Here are the articles/discussions I'm referencing:
I primarily use HP products which means HP SmartArray RAID controllers. The drives have traditionally been 15K 146 GB or 300 GB 2.5" SAS drives in arrays no larger than 8 drives. I've used RAID 5, 6, and 1+0 and also have some hot spares ready to go in some of the arrays. So the largest array I've made has been less than 2 TB (1.2 or 1.6 maybe?) in total. I run Win2K8 R2 on our servers.
I'm now looking to create something like a 24 TB or larger array. In doing that I wonder what my options are as far as array portability (in case of server hardware failure) and RAID structure. If I have 12 x 2 TB drives or 8 x 3 TB drives, I'm now starting to get nervous that during a rebuild I'll lose everything. The SmartArray controllers are pretty good about letting you move arrays to and from similar controllers using the same drives. Maybe Windows software RAID (dynamic disks or whatever) would make sense for portability to a different server.
I know that RAID is not a backup. That point comes up from time to time so I just wanted to address this now that I'm not planning on using this as a backup. Not even discussing anything related to backups with this post.
The arguments that I linked to say that because of the URE on drives, you're certain to get a failure during a rebuild and this is due primarily to each drive having larger capacity. By that token, it also seems that reading a 2 TB drive 6 times would also give you an URE, but it wouldn't matter in that instance because you're not trying to rebuild an array from data and parity, you're just losing a sector. In a RAID rebuild, that would cause the entire thing to die.
I get the feeling that the math doesn't match up to reality, but I don't have access to something like that Google hard drive survey to give real-world experience. So all I got is the math to feed my fear.
I figure if anyone has real-world experience with large storage arrays and DIY arrays, it's y'all. I'm not looking into some prepackaged EMC or something where the storage is a giant mystery box that "just works" and I'm not going to be trying to figure out a *nix. I don't have a need for massive performance as I'll be constrained by gigabit Ethernet or some external SAS links (assuming a drive enclosure). My main concerns are:
1) Have people run into these rebuild issues with RAID 5/6 using 1+ TB drives? If so, would some type of RAID 6+0 or sets of mirrors or something mitigate these issues? Do I just need to choose a RAID type that avoids parity as that's where the disaster can happen during rebuild?

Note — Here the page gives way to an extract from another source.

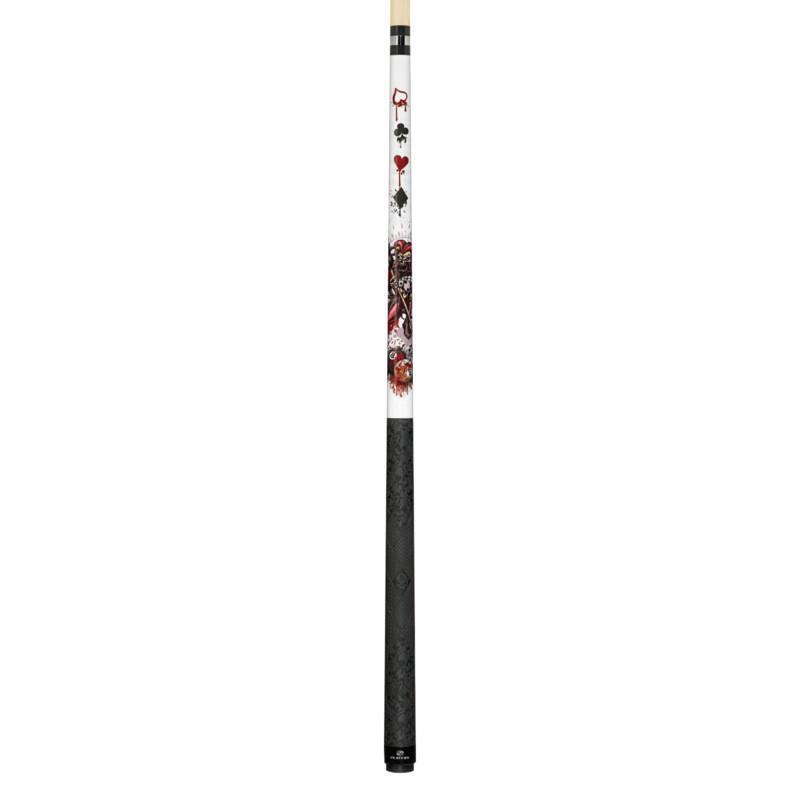 Players D-JS Pool Cue - DJS - Wicked Jester Black Pool/Billiards Cue Stick New!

2) Rebuilding an array has the same issues that growing an array would have, correct? So if I get 6 TB now and add a few drives at a time, am I courting disaster? I'm not planning on doing this but from an academic standpoint it seems the conventional wisdom is that growing arrays is bad. I've done it before with nary a problem with my dinky little 146 GB drives so I didn't know if it's a size thing, perhaps?
3) Any suggestions for a 24 TB setup? Or examples of what y'all run? Any reason to go with 2.5" versus 3.5" drives if I decided to do commodity Seagate or WD or Hitachi enterprise drives rather than HP-branded drives? It's just a drive density consideration if I want to save on space, right? Any suggestions on software like FlexRAID? I know it's probably not a first choice for an enterprise-type of software RAID solution but I don't know any other brands/companies off the top of my head for that kind of product except "install Linux and use [random lowercase utility using as few letters as possible]".
I thank you for your time reading this and for any information or suggestions you may have!
Edited by Scrotos, 05 July 2013 - 12:49 PM.